The ex Celtic man has been linked to White Hart Lane this summer, but the Southampton legend has suggested why that move was never likely to happen.
Southampton midfielder Victor Wanyama has been one of the players most closely linked to Tottenham Hotspur in recent days, with the 24-year-old apparently eager to hook up with former Saints boss Mauricio Pochettion, and Southampton legend Matt Le Tissier discussed that interest during Sky Sports coverage of deadline day.
The Kenyan international submitted a transfer request in order to push through a move last week, said Sky, only to see it rejected by the South Coast club. There was some uncertainty as to whether he had joined up with his national team for the international break, as he looked to try and sort out his club future, but it is now reported that he has headed to meet up with his international teammates.

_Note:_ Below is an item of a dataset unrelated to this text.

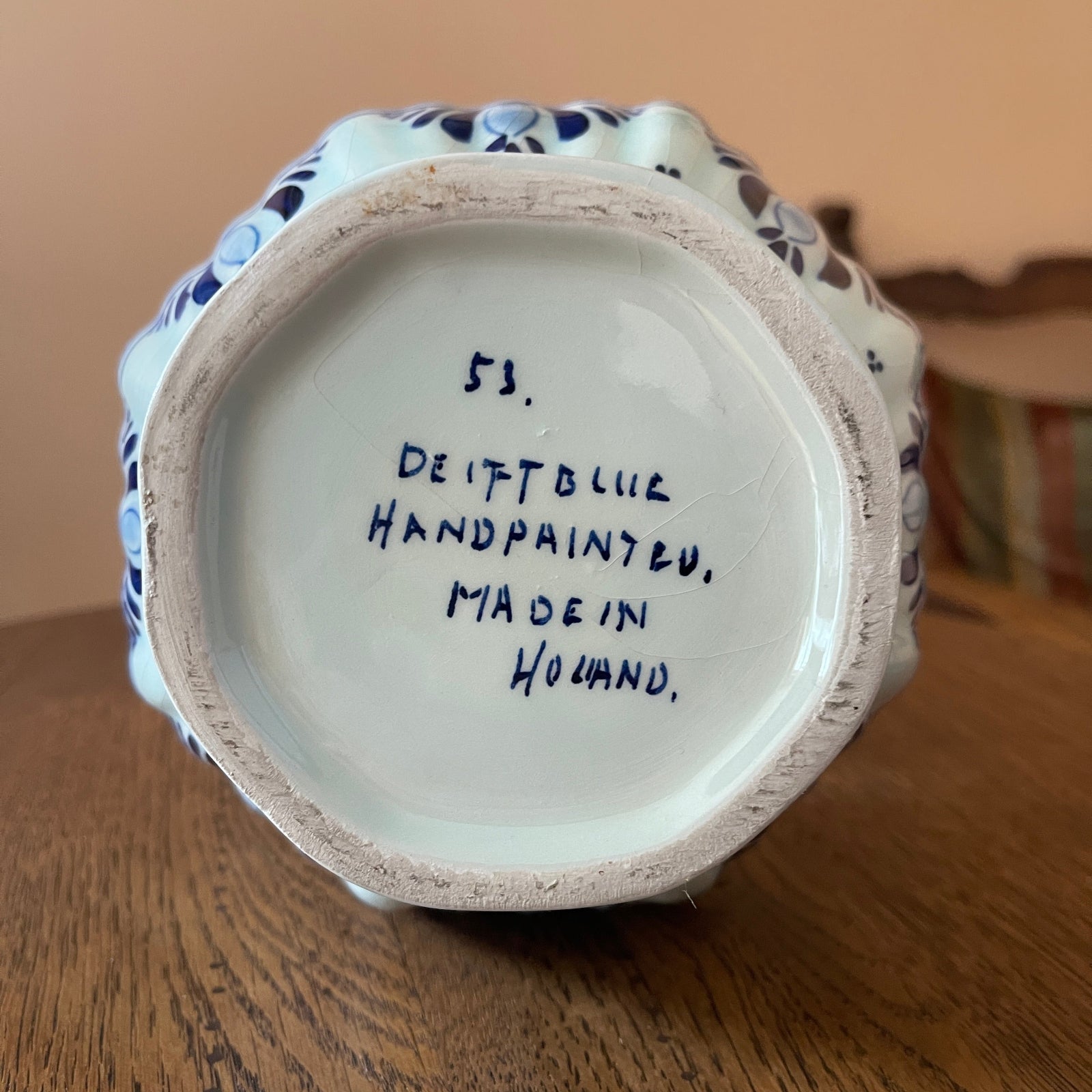 Ceramic vase with 'Deft Blue Handpaint' text on a wooden surface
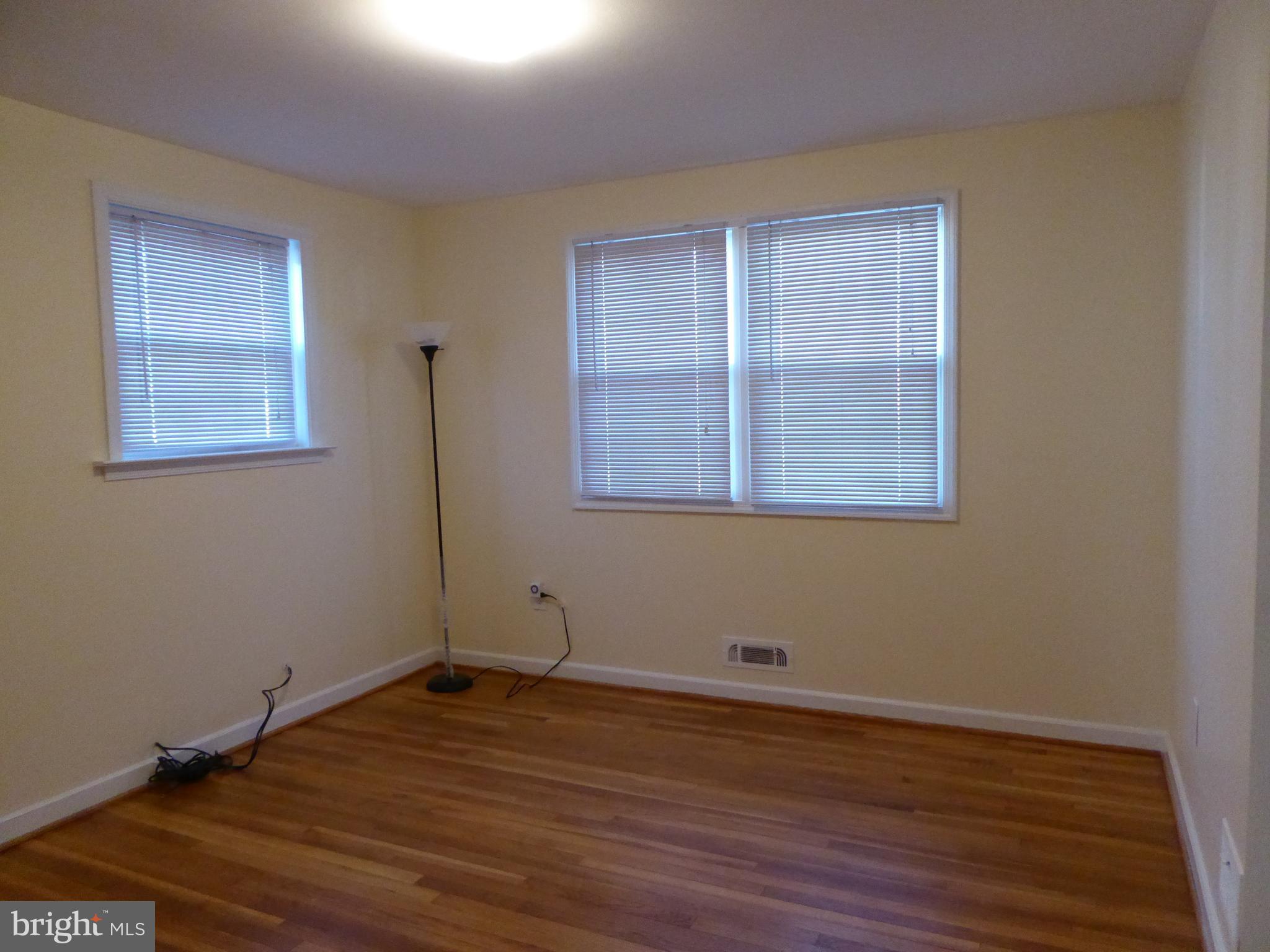 12820 Crisfield Road Silver Spring, MD 20906 - Photo 16 of 24 a view of a room with wooden floor and windows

Le Tissier offered an interesting piece of inside knowledge on the North Londoner's pursuit of the former Celtic star, which if true, makes it completely understandable as to why a deal was never close to coming off.
"Wanyama got a little bit unsettled with all the talk about Tottenham," Le Tissier said on Sky Sports News. "But as far as I’m aware there was only one bid from Tottenham, which was quite a few weeks ago now.
"From what I’m aware, it was less than they paid Celtic for him so it was never going to be considered."
The fact Daniel Levy and Spurs attempted to buy a player for less than the Saints paid the Bhoys for him, said to be £12.5 million according to BBC Sport, despite him excelling in the Premier League, will certainly frustrate Tottenham fans who have been calling out for a genuine defensive midfield all summer.
Levy is renowned as a tough negotiator who is able to get good fees for his own players, but in recent years some of the big money purchases made at the club have struggled to make an impact.
But his pursuit of both Wanyama and the likes of Saido Berahino look like falling flat on account of offers that were never likely to tempt a side into selling one of their best players, especially as what could be seen as initial offers were not followed up with more agreeable bids.